━━━ Material supplied ━━━

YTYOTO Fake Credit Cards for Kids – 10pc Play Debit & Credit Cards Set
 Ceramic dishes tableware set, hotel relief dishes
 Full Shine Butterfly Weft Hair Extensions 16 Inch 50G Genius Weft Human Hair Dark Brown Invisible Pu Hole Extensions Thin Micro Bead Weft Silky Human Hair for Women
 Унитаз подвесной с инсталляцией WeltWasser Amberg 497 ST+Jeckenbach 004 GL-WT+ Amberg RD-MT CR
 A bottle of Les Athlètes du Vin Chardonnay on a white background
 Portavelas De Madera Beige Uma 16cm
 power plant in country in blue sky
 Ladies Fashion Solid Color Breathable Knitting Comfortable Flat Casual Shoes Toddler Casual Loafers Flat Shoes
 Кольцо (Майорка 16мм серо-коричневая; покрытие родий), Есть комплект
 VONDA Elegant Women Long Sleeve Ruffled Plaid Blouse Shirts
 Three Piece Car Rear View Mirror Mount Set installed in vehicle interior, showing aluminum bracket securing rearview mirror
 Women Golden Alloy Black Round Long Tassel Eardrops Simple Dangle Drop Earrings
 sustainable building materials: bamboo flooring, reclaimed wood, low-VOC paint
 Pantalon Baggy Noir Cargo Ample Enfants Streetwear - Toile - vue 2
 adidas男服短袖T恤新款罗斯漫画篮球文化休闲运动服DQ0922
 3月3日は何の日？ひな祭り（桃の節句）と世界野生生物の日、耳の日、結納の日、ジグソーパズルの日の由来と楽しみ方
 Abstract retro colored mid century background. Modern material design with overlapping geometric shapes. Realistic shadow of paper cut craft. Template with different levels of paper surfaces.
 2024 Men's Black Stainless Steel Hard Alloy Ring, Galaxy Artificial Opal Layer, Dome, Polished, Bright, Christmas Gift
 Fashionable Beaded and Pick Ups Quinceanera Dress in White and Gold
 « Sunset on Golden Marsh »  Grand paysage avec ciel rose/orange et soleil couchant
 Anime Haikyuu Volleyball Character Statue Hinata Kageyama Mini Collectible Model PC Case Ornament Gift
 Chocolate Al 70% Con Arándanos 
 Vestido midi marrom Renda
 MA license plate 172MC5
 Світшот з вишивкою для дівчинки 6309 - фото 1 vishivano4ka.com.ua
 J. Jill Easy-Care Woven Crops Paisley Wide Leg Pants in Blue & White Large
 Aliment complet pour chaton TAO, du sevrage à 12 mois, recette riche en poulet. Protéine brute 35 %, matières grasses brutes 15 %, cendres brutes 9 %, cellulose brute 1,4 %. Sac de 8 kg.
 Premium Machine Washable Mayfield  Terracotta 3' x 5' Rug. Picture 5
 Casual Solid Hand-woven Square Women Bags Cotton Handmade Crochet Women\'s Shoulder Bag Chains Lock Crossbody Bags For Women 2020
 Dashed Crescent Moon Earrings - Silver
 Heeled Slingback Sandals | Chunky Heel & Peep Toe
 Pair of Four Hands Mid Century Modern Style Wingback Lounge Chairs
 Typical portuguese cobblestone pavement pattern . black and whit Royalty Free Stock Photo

━━━

▸ What you need to do: Beginning at the line with "Pantalon Baggy Noir" and ending at the line with "Fashionable Beaded and", reproduce each line of the data above exactly, and add no other lines.

▸ Exercise response:
 Pantalon Baggy Noir Cargo Ample Enfants Streetwear - Toile - vue 2
 adidas男服短袖T恤新款罗斯漫画篮球文化休闲运动服DQ0922
 3月3日は何の日？ひな祭り（桃の節句）と世界野生生物の日、耳の日、結納の日、ジグソーパズルの日の由来と楽しみ方
 Abstract retro colored mid century background. Modern material design with overlapping geometric shapes. Realistic shadow of paper cut craft. Template with different levels of paper surfaces.
 2024 Men's Black Stainless Steel Hard Alloy Ring, Galaxy Artificial Opal Layer, Dome, Polished, Bright, Christmas Gift
 Fashionable Beaded and Pick Ups Quinceanera Dress in White and Gold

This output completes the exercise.